PROVIDED MATERIAL:
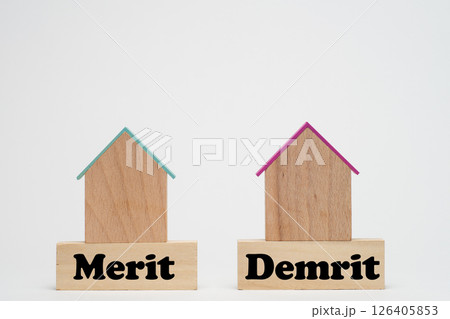 住宅のメリットとデメリットの比較イメージ 住宅のメリットとデメリットの比較イメージ 126405853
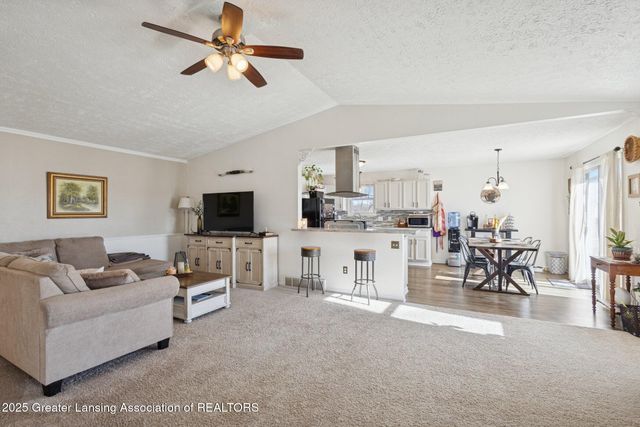 2663 Carlisle Highway, Charlotte, MI 48813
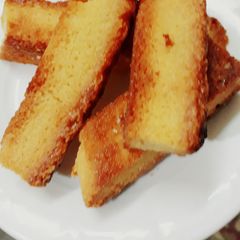 A picture of Cake rusk.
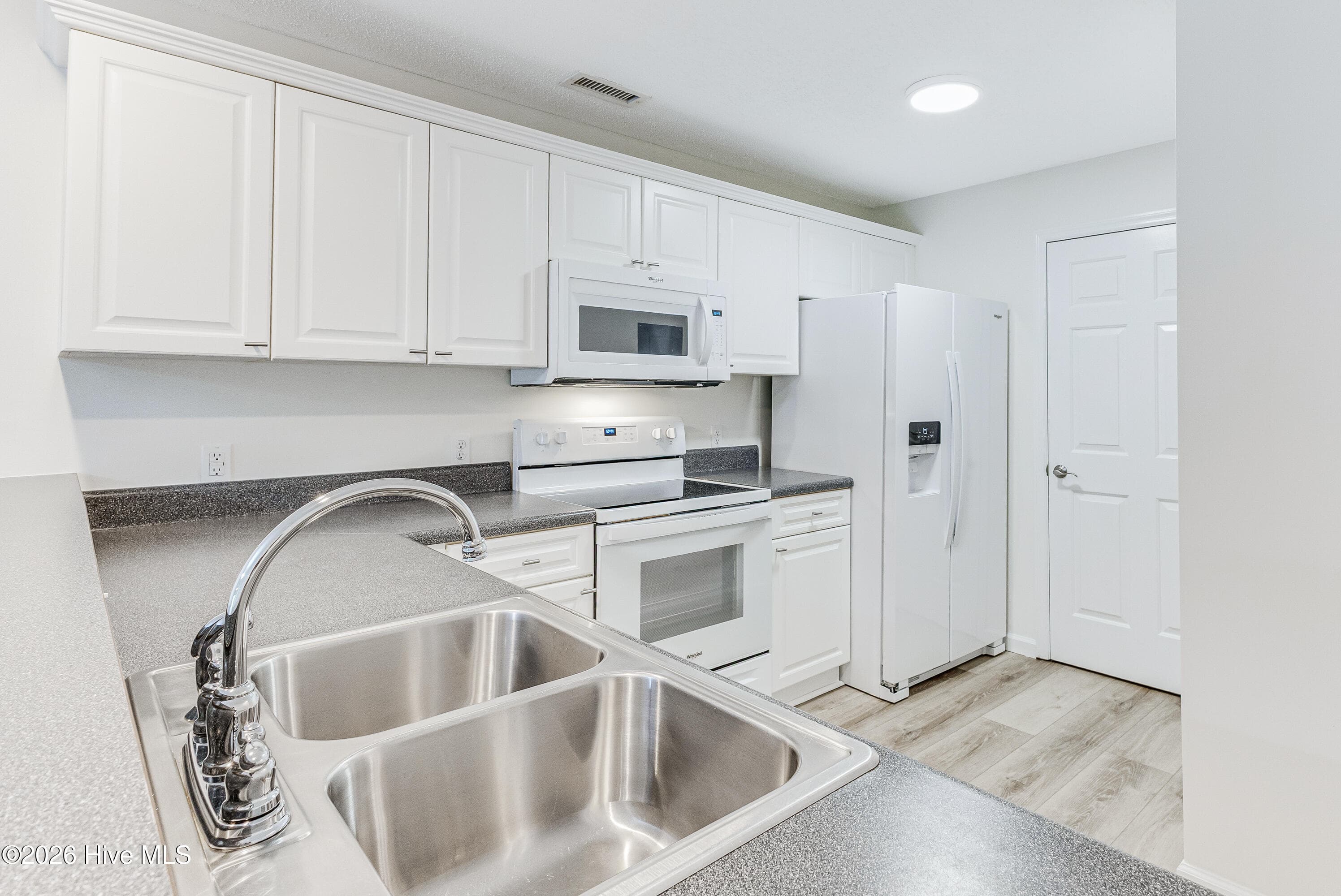 Condominium at 1620 Goley Hewett Road SE Unit 407, Bolivia, NC 28422, photo 19 of 102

WORK INSTRUCTIONS:
Only the pictures are to be left out, and all of the data must otherwise be transcribed exactly.

ANSWER BOX:
 住宅のメリットとデメリットの比較イメージ 住宅のメリットとデメリットの比較イメージ 126405853
 2663 Carlisle Highway, Charlotte, MI 48813
 A picture of Cake rusk.
 Condominium at 1620 Goley Hewett Road SE Unit 407, Bolivia, NC 28422, photo 19 of 102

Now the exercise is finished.